East Texas State Teachers College in World War II
In Fall 2021 Texas A&M University-Commerce Department of History mounted a student-produced exhibit at the Audie Murphy/American Cotton Museum in Greenville, TX. East Texas State Teachers College in World War II (ETSTC in WWII) ran from November 15, 2021, through January 14, 2022.
The physical exhibit was a collaborative effort of graduate and undergraduate Public History students who researched items in the Velma K. Waters Library Special Collections and University Archives. The exhibit featured five displays covering campus involvement in U.S. military training at ETSTC, educational changes on campus during and post-war, the involvement of the faculty, students, and staff in the national efforts of war bonds and rationing, as well as a section on letters to/from home. Exhibit highlights include:
- Letters sent from John Garland Smith and Jewel Kennemer to Gretchen Howell, an ETSTC librarian during WWII
- Images from The Locust, the ETSTC yearbook (1941-1943)
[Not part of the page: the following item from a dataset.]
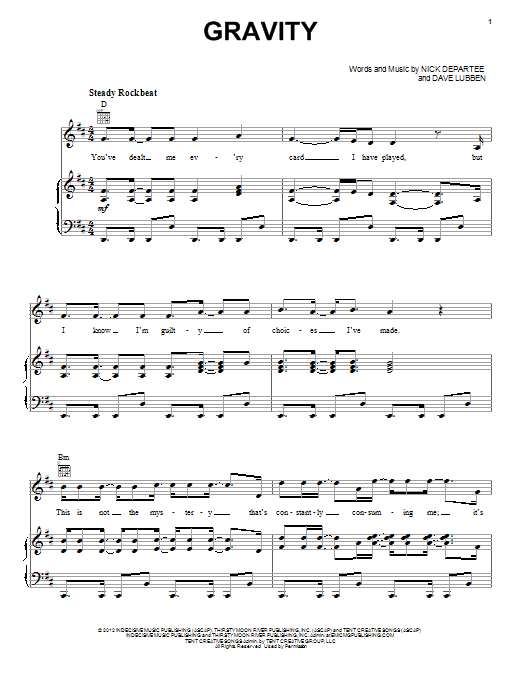 Learn to play Kutless Gravity sheet music for Piano, Vocal & Guitar Chords (Right-Hand Melody) in minutes. Price: 7.8900$ Kutless Gravity sheet music notes and chords arranged for Piano, Vocal & Guitar Chords (Right-Hand Melody)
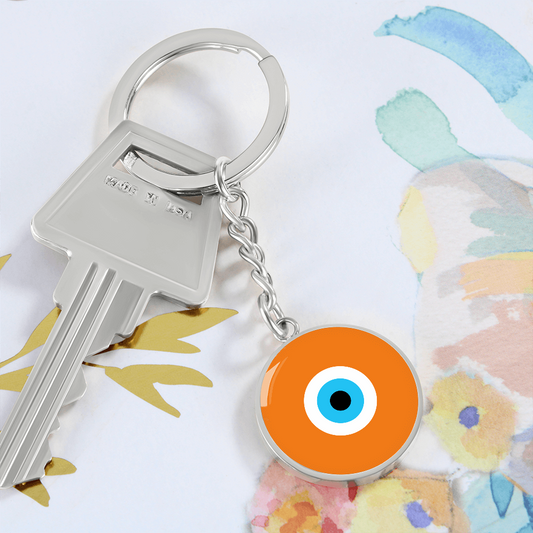 Evil Eye Keychain | Orange Amulet | Free Shipping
- Letters from President Whitley to the faculty
- Reproductions of posters from the U.S. Office of War Information
This new digital exhibit allows for everyone to see how ETSTC responded to key themes in the national war effort. This exhibit conveys how the local community took part in national narratives and how this connected Hunt County residents and ETSTC students, faculty, and staff to the larger American drive for a successful outcome of the war.
The exhibit is divided into five categories where there was overlap in the primary source documents in the Gretchen Howell Collection, the University History Vertical File, the Board of Regents Minutes, and the Office of War Information posters. The categories of War Bonds, Rationing, Military Training at ETSTC, Letters Home and Morale, and Education enable the use of ETSTC primary source documents – the letters, memoranda, photographs, meeting minutes, etc. – in conjunction with the posters from the Office of War Information. This exhibit uses posters to tie the local document to the national efforts. The posters are the representation of what the government/federal/national message was and the university documents and photographs illustrate how ETSTC responded and fit into these messages tying the local history to the national history of World War II.
The final section of this exhibit showcases the students and the process of mounting a physical exhibit at The Audie Murphy/American Cotton Museum. Including the physical preparation of exhibit items, presenting at a conference, and an Opening Reception at the museum.